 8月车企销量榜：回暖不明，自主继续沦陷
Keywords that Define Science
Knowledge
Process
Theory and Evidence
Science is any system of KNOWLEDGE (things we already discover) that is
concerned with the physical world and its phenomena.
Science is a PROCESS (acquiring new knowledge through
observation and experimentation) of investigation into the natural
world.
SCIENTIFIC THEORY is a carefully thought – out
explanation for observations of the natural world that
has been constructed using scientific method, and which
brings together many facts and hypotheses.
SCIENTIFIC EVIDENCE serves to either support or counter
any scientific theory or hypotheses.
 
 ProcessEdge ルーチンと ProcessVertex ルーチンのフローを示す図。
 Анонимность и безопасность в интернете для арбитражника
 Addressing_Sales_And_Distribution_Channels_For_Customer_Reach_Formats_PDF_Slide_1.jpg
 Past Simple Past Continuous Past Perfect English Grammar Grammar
---
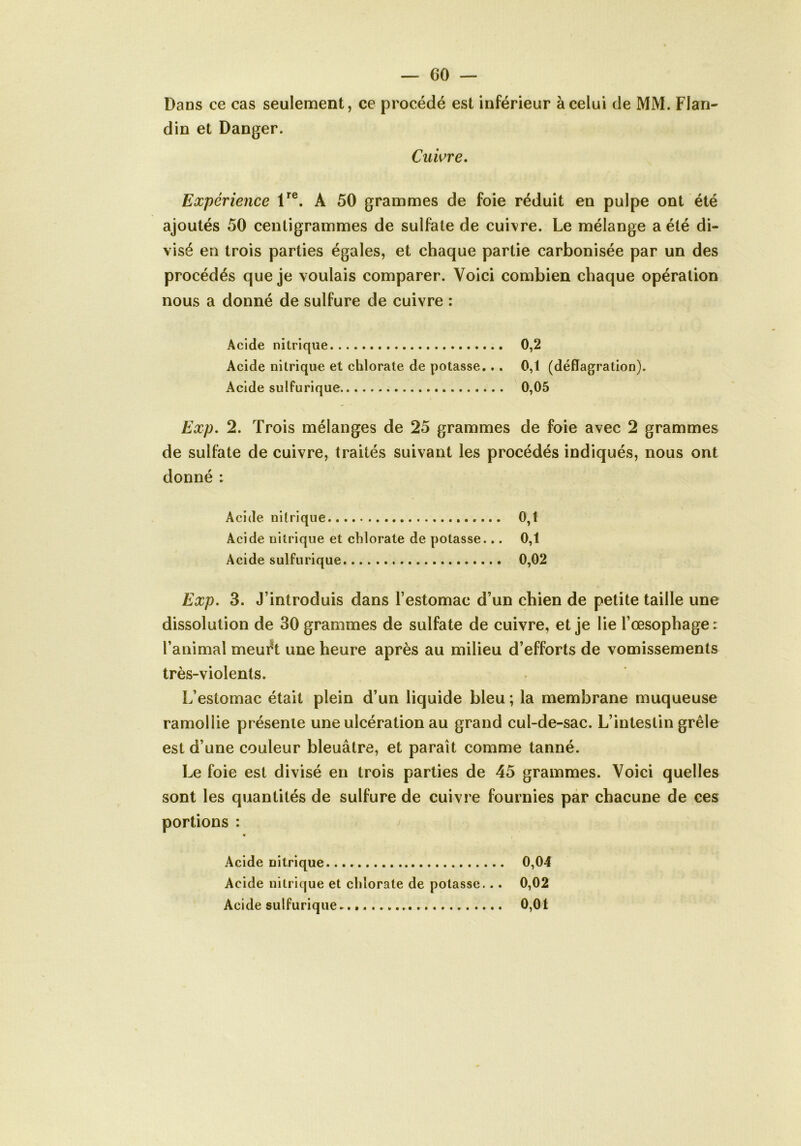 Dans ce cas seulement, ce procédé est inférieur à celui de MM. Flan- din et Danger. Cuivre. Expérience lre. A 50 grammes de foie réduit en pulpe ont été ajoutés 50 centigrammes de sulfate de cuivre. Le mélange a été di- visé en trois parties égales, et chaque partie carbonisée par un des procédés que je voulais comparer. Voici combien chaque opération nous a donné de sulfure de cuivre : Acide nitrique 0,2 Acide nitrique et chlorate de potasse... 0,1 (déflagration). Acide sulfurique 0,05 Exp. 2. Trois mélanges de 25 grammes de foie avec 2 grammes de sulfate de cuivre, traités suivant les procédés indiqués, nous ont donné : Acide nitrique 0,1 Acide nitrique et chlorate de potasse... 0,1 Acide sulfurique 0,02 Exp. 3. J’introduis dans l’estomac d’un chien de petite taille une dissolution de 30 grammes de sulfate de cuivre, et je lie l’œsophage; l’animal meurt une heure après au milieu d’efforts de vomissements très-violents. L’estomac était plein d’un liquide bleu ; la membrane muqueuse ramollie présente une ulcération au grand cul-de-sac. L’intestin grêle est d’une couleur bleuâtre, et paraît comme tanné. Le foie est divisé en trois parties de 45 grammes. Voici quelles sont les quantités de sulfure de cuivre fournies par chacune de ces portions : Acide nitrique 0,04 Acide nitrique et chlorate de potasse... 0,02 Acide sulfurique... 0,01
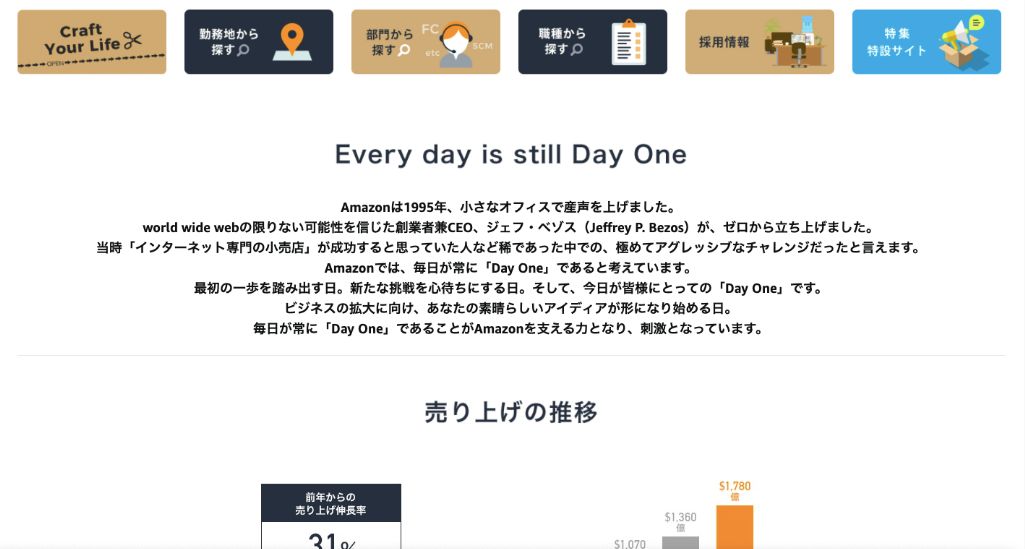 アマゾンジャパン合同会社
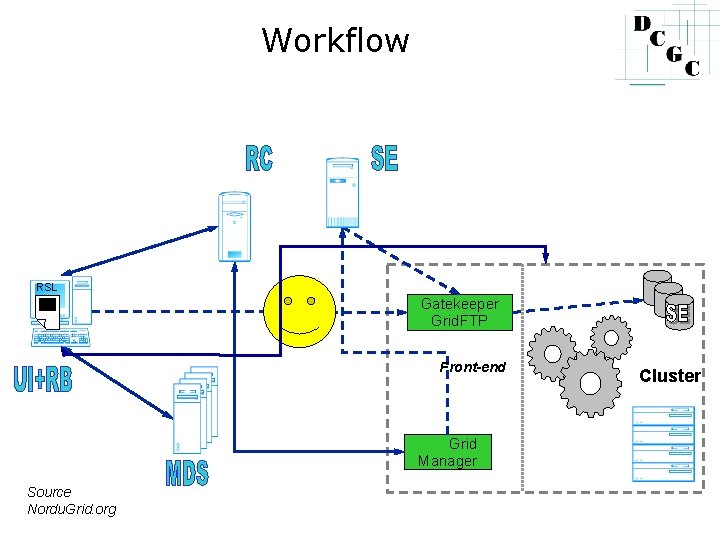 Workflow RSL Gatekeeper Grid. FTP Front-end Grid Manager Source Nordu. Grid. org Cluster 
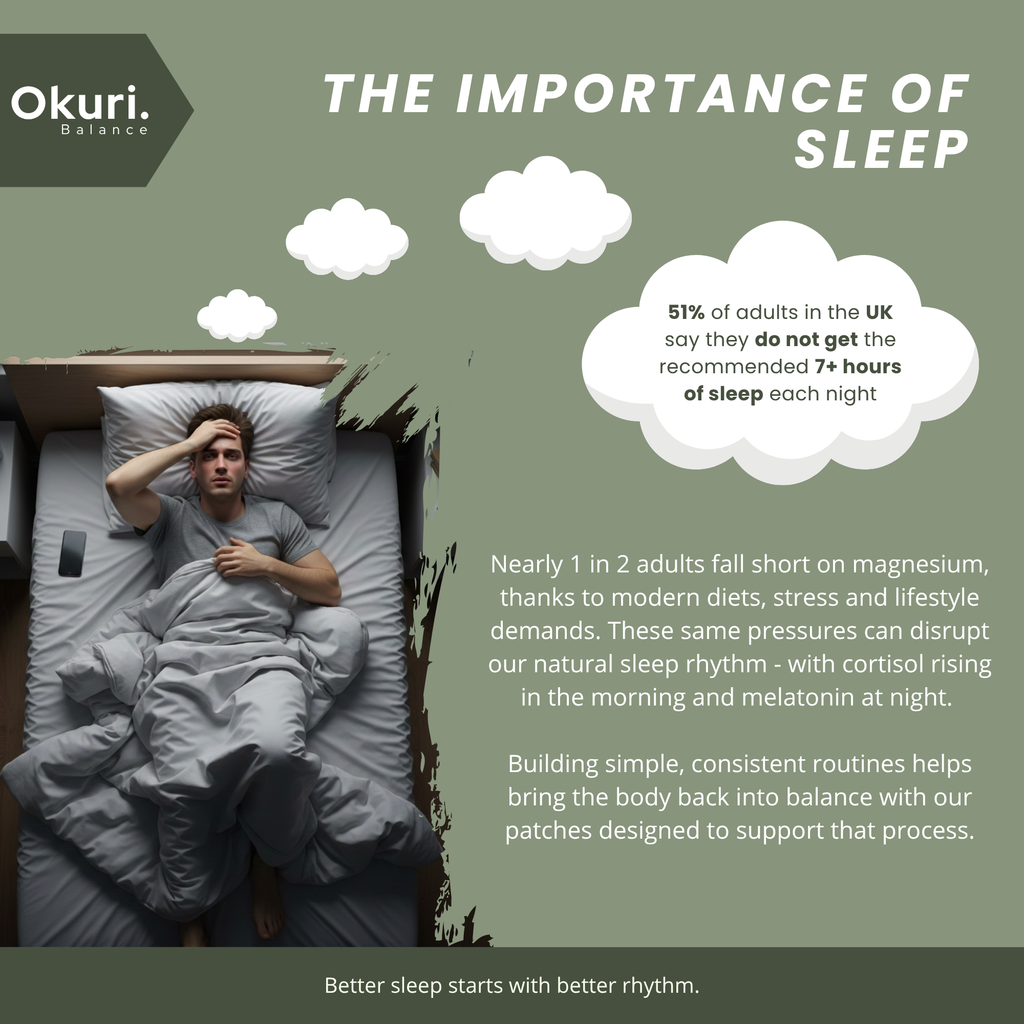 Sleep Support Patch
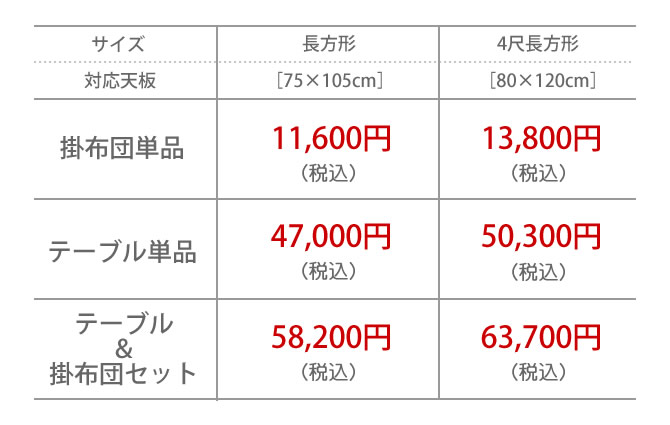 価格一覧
---
* **GOAL OF THE EXERCISE**
From the entries, report every line in which the string "that" occurs.

* **EXERCISE ANSWER**
Keywords that Define Science
Science is any system of KNOWLEDGE (things we already discover) that is
explanation for observations of the natural world that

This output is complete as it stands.